MATERIALS PROVIDED —
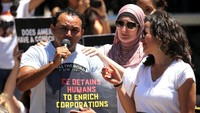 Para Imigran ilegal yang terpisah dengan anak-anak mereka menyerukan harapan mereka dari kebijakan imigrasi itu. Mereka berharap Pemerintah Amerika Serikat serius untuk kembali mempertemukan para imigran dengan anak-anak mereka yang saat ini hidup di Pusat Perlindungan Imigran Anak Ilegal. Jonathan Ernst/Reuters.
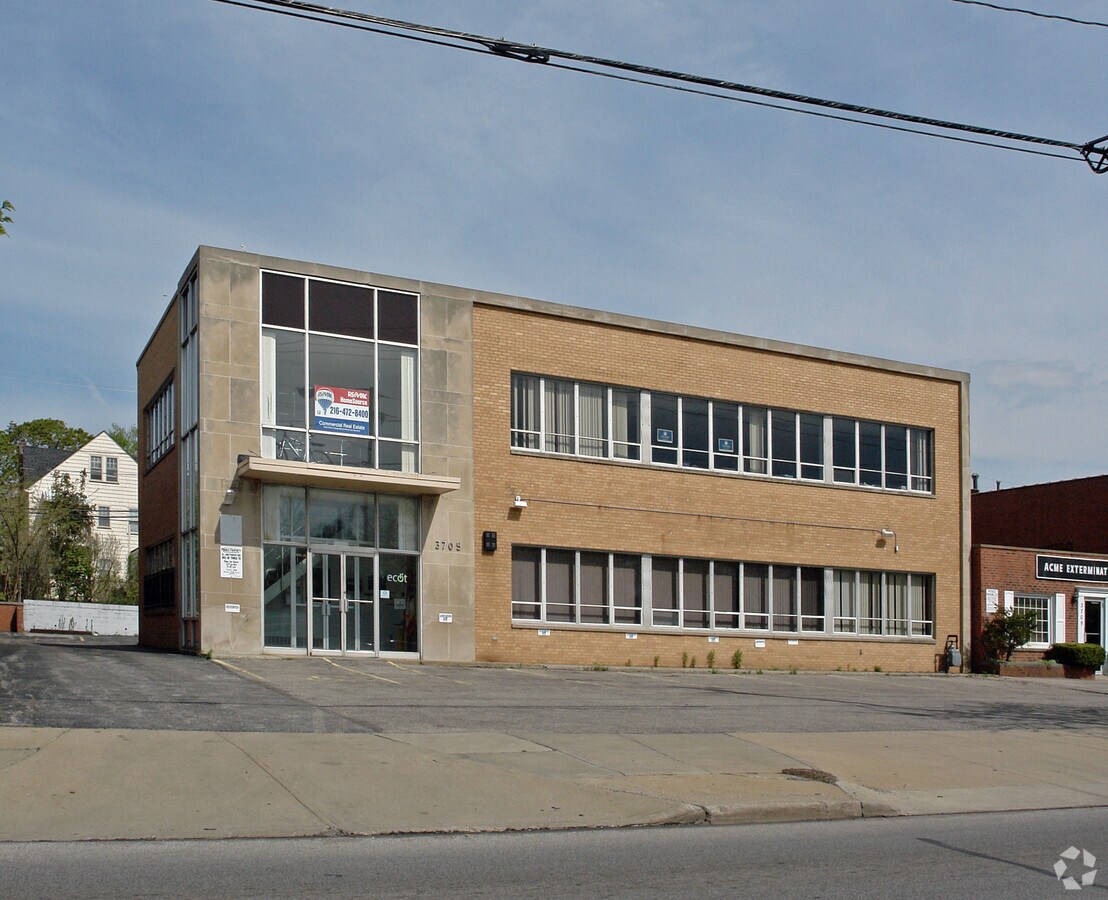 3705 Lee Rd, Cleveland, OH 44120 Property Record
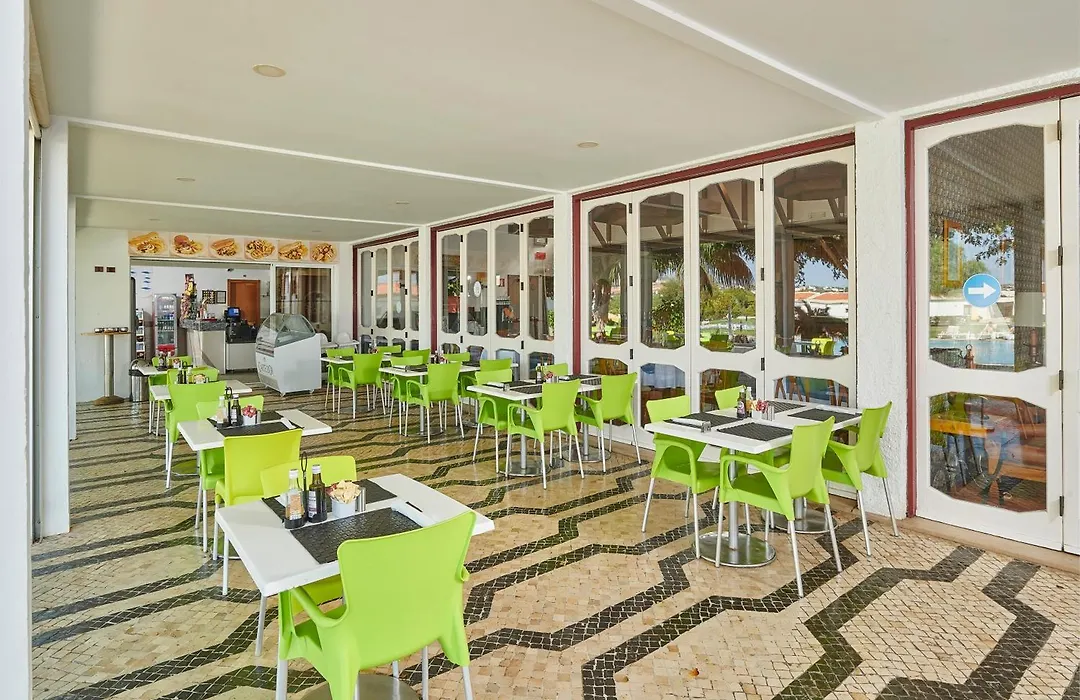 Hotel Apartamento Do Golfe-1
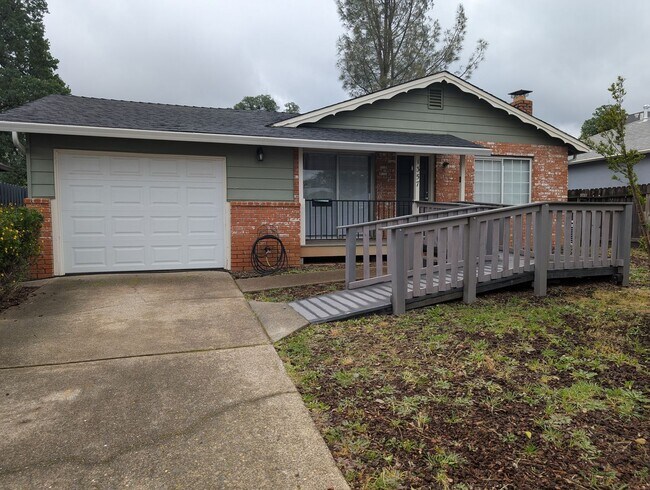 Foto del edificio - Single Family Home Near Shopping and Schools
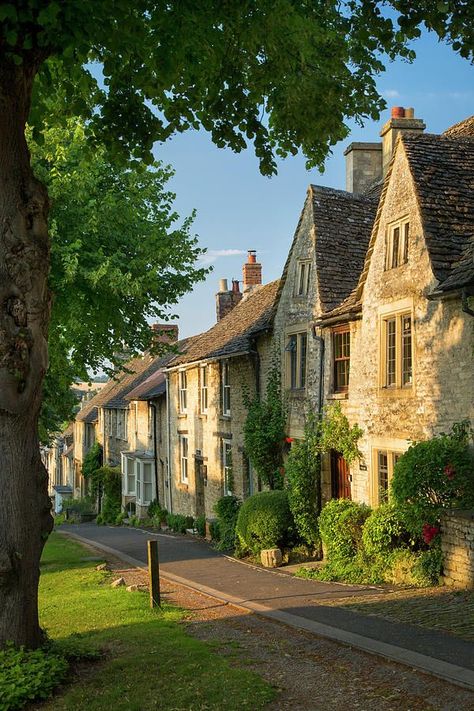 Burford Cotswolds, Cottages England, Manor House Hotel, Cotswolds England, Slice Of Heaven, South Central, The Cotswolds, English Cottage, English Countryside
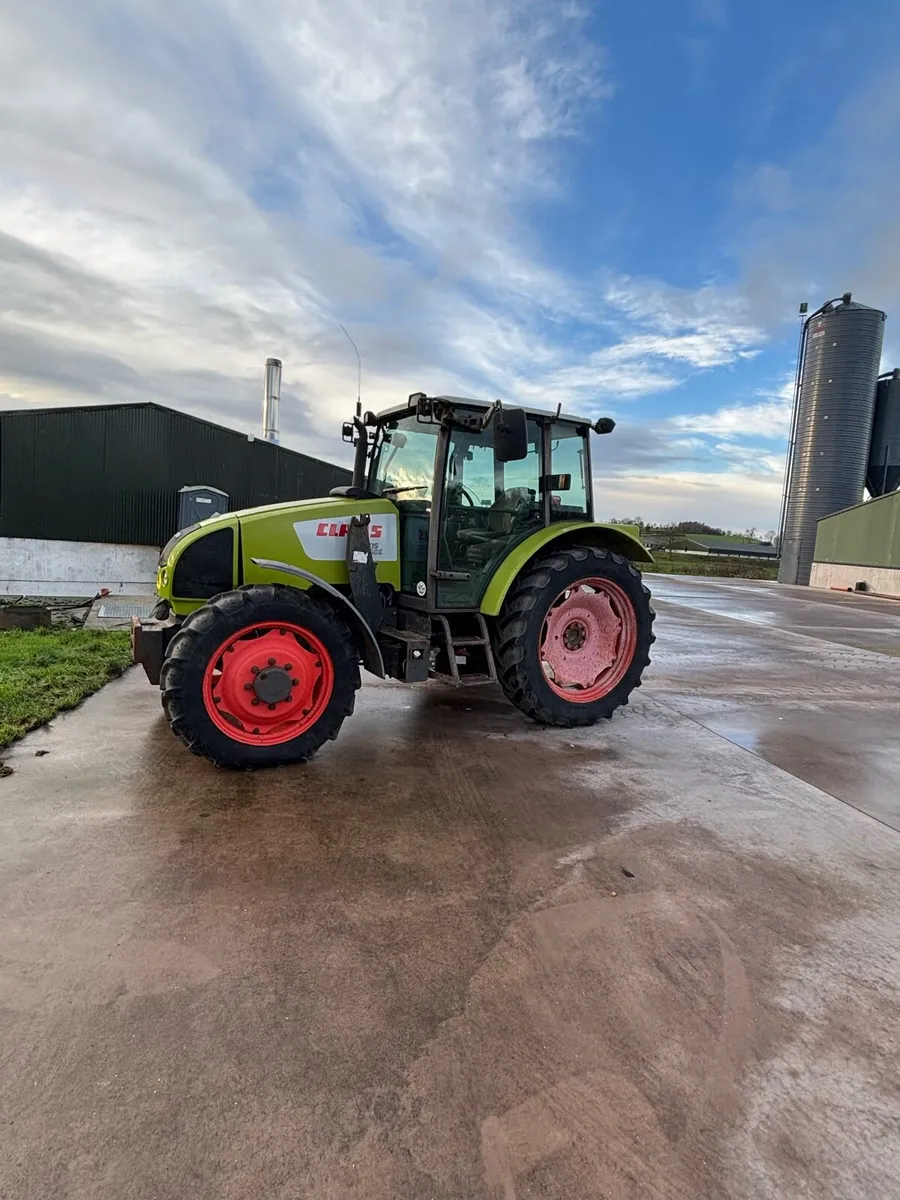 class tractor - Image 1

---

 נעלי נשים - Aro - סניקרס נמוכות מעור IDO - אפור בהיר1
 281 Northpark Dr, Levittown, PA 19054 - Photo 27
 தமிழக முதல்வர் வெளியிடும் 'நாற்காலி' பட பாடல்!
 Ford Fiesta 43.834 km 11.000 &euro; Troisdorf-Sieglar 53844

WORK TO COMPLETE —
After locating the line holding "נעלי נשים - Aro" above, output exactly that line and every line after it through the line holding "Ford Fiesta 43.834". Include nothing else.

SOLUTION TO THIS PROBLEM —
 נעלי נשים - Aro - סניקרס נמוכות מעור IDO - אפור בהיר1
 281 Northpark Dr, Levittown, PA 19054 - Photo 27
 தமிழக முதல்வர் வெளியிடும் 'நாற்காலி' பட பாடல்!
 Ford Fiesta 43.834 km 11.000 &euro; Troisdorf-Sieglar 53844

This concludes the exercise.